My old girl love to ride in the truck with me everywhere no matter how short, to put her chin on the windowsill just like that. I always made a point to bring her even if it was a hassle. It made her happy.

My girl was a service dog, worked her whole life, and was very athletic. She did not care for retirement! We took up Rally obedience in her old age as a hobby. It relaly brought her back to life because I would groom her and shine her up before competition and she felt like she was going to "work" again. They have a veterans class that has limited exercises, no jumps etc, and she continued to compete in vets until she was 12 years old.

We also did AKC trick dog stuff which she LOVED, and a lot of tricks are mental but not really that physical to execute. I turned all her old service dog tasks into tricks which also helped her feel like she was still working.

I even found a group on FB that was for keeping senior dogs active and it had all these exercises to do with them...I wish I could remember the name.

I took her swimming a lot. After the vestibular she had to wear a life jacket because her equilibrium was gone, but she still swam with her tilted head and loved every second of it! 

We also alternated taking her for short walks some days and then I would either walk the boys again later for their "real" walk, or just everyone got a super short walk on her day and they I'd double the boys' walk the next day.

I don't think she would have lasted as long as she did had she not had some purpose...something to look forward to. She was a true working dog and she had no desire to lay around on the couch. Even something as simple as asking her to walk me to the kennel (just up my driveway), so she got to go out the door with me and think she was needed. 

You can now do AKC tricks and rally and even obedience with virtual submissions. Things like that at novice level are not physically demanding on the dog at all but it's something you can do together to make the senior feel like she's doing something special. Then when you tell her she has to stay home for the longer walks it's tolerable.
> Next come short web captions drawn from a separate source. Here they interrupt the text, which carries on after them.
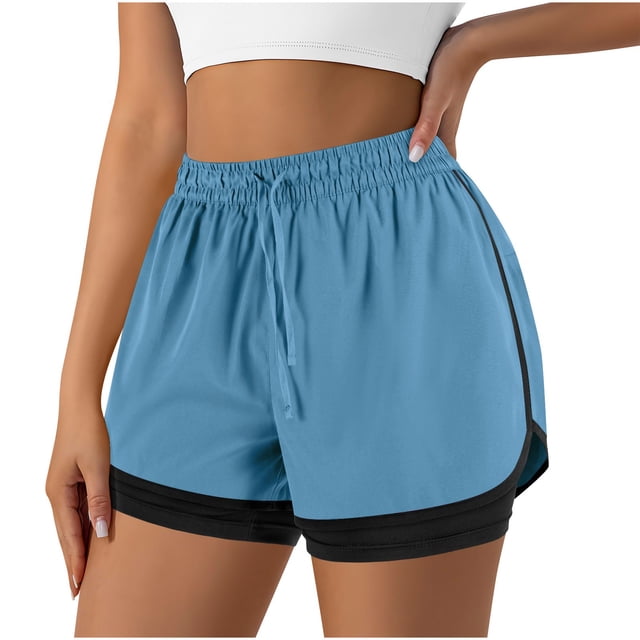 Plebaso Women's 2 in 1 Running Shorts Elastic Waist Drawstring Athletic Shorts Lightweight Workout Shorts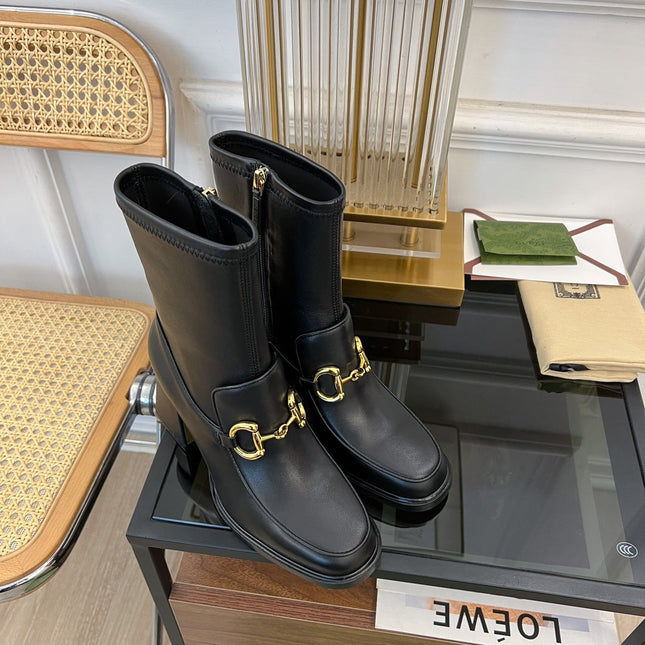 GG HORSEBIT ANKLE BOOTS IN BLACK SHEEPSKIN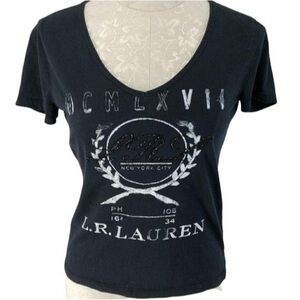 Lauren Jeans Ralph Lauren Company Black Short Sleeve Beaded 90s T shirt Large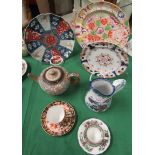 A Spode oriental plate, an Imari plate, Doulton teapot (AF), Crown Derby cup and saucer (AF) etc.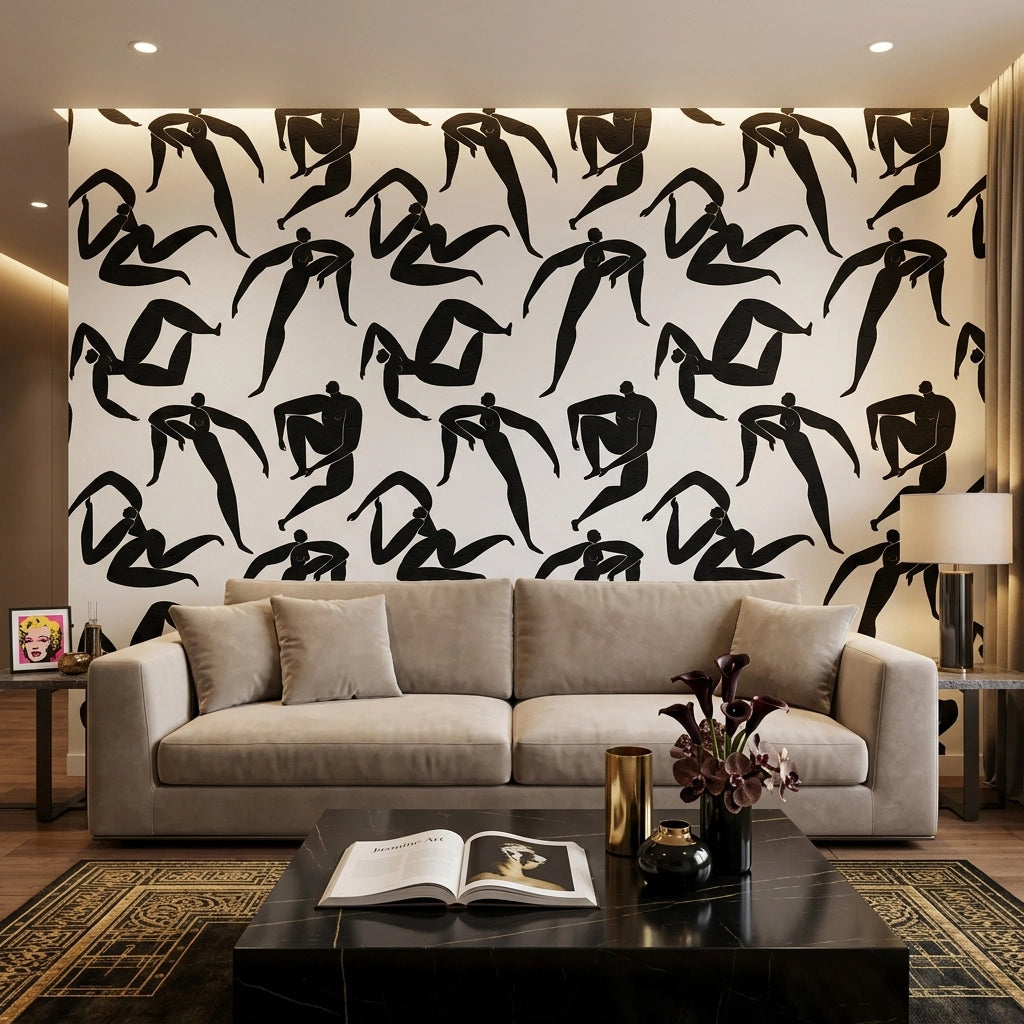 Soft Brush Shapes Wallpaper – Jet Black room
There's tons of fun stuff to do with seniors and they enjoy it so much!


----------



## car2ner (Apr 9, 2014)

I'm facing this myself. But I've had to walk my two dog differently all along. My big-boy with his longer coat, feels the humidity much quicker than my smaller shorter coated gal-dog. Even when my boy was only 2 years old, if humidity was high and temps were in the high 60s, we could only go so far before he started to show signs of fatigue. So my dogs are used to having turns. Thankfully neither really knows how far the other has gone. 
Interestingly when my hubby works from home my big-boy goes under his desk at walking time. It is like he is telling me that he wants me to not forget to invite his best human buddy along. So I walk my gal-dog first and then take him for a walk after. Sadly, this summer, it won't work as well. He really needs the cooler earlier hours. 
When my husband is at the office my big-boy will gladly take his walk first.


----------



## Jenny720 (Nov 21, 2014)

As mentioned water is a great way to exercise take all the stress off the joints. You have great suggestions and finding the new limits and ways to make it all work.


----------



## bchevs (Oct 15, 2020)

I used to have to do the same with my old retriever, she always looked so sad when I dropped her off. Sometimes I would give her a kong to keep her busy and that always made her happier. I would also walk them separately quite often, give Cara her slow sauntering walk sniffing through the neighbourhood while Whisk got a faster paced walk and a run in the fields. Usually when I got home Cara would be snoring away, so she couldn't have been too stressed out!! I felt like it was good for them to be able to do things independently too and realize that it's ok to be left behind. 

We have had to modify a lot of Whiskey's activities since he hurt his leg. We were told no more high impact activities but this dog lives to play fetch etc. He's only six so I decided I'm still going to let him be a dog and enjoy the things he loves, even if it's a bit of a risk for him now. So he gets put into a sit/stay, I throw his toy and then he's allowed to go get it once it lands. No more jumping in the air for it or hard running stops, but he still loves it. We also do a lot more tugging and scent games and when the water is clean around here I try to take him swimming. He's still allowed to play with certain dog friends as well, always supervised and if it gets too rough I tell them to cool it. 

It's definitely hard to see them slow down, but in the end they're usually happy just to be spending one-on-one time with us, even if they can't do as much as they did. As long as I'm directly engaging with him he's pretty happy no matter what activity we do.


----------



## Thecowboysgirl (Nov 30, 2006)

Oh yes one other thing I did with my retiree... her whole working life she had to be so professional and pay attention. One of the great joys of her old age was going to Petco and Tractor Supply and I would actually just slack the leash and follow her around the store and let her sniff EVeRYTHInG till she had her fill. Then pick out cookies from the snack bar. This was especially fun because she never had the luxury of sniffing a store floor as a working dog.


----------



## LuvShepherds (May 27, 2012)

I cut my girl back last year when she was so tired on a walk she could barely get home again. It wasn’t anything strenuous, just a mile. She was a big hiker a few years ago. She still plays at home and I take her places where she won’t over exert, because she won’t stop. She recently started limping and looked like she was in pain, but it must have been an injury and it went away. She has always been very active, but doesn’t seem to mind doing less. She still runs around my yard and that doesn’t seem to bother her, but I closely monitor play between dogs.


----------



## wolfy dog (Aug 1, 2012)

My super dog (Whippet) has always ignored his pain but at the end his arthritis became so painful that one day he screamed at the idea of me petting him. But I am sure he would have chased a ball. That scream was the sign of helping him pass.


----------



## CEMC (May 2, 2020)

I have learned that dogs (animals in general) know when they have had enough of anything be it food, exercise or even life itself. I have tried to fight Mother Nature a few times and always lost. Animals are instinctively much more aware of what is going on in their bodies than we are. Listen to your dog and follow her (his) instincts. There is no way to stop the inevitable for any of us in this world and all the best we can do for our loved ones is try to give them very best quality of life we can until the end.


----------